On s’assume et on brille de mille feux !

J’ai eu comme un déclic, je me suis mise en mode « parents ». J’ai renoncé à ce qui générait du stress superflu, ce qui m’amène notamment à passer l’ensemble de mes examens aux rattrapages 😀

Avec l’accord de mon mari, nous avons pris des dispositions pour que je retrouve de bonnes nuits. Il a redoublé de présence pour me soutenir et de mon côté, j’ai lâché du lest sur plein de points pour me concentrer sur l’essentiel : moi, le bébé et notre famille. Alors oui, les copains me manquent énormément. J’ai hâte de pouvoir re-bouger avec ce bébé dans nos bras. Mais j’ai l’impression d’enfin profiter de ma grossesse. Mon ventre n’est plus un poids. Je profite de chaque micro moment de détente et de rire. J’ai quand même quelques « soucis » à notifier.

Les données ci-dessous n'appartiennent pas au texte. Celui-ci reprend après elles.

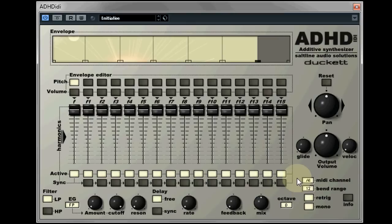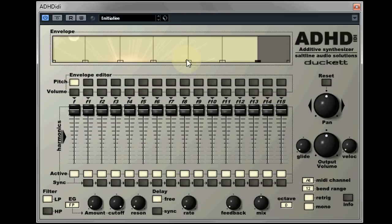Each of the 16 sine waves has two envelope generators to change the sound: one for pitch and one for volume. This gives you a total of 32 eight-stage envelopes that you can view and edit by clicking the buttons above the respective slider. Before we delve into these we'll go through the other parameters on the synthesizer.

7 mois : Tout est relatif mais je suis de nouveau capable de me déplacer un minimum. J’ai repris le métro seule pour la première fois cette semaine, je cuisine et retrouve ma concentration pour étudier. Par contre, j’ai chaud. J’ai des bouffées de chaleur. Malgré que nous vivions dans le Nord, je ne chauffe notre grande maison que 2h par jour avant de suffoquer et d’ouvrir grand les fenêtres.

 

Ce que je raconte ici, relève de l’expérience personnelle. Faite confiance en votre corps et vos capacités. Si vous avez le moindre doute sur un symptôme, n’hésitez pas à consulter un•e professionnel•le de santé.

Il me reste 2 mois pour expérimenter d’autres symptômes chelous : quelle a été le plus bizarre, le plus surprenant pour vous ? N’hésitez pas à échanger dans les commentaires si vous avez besoin.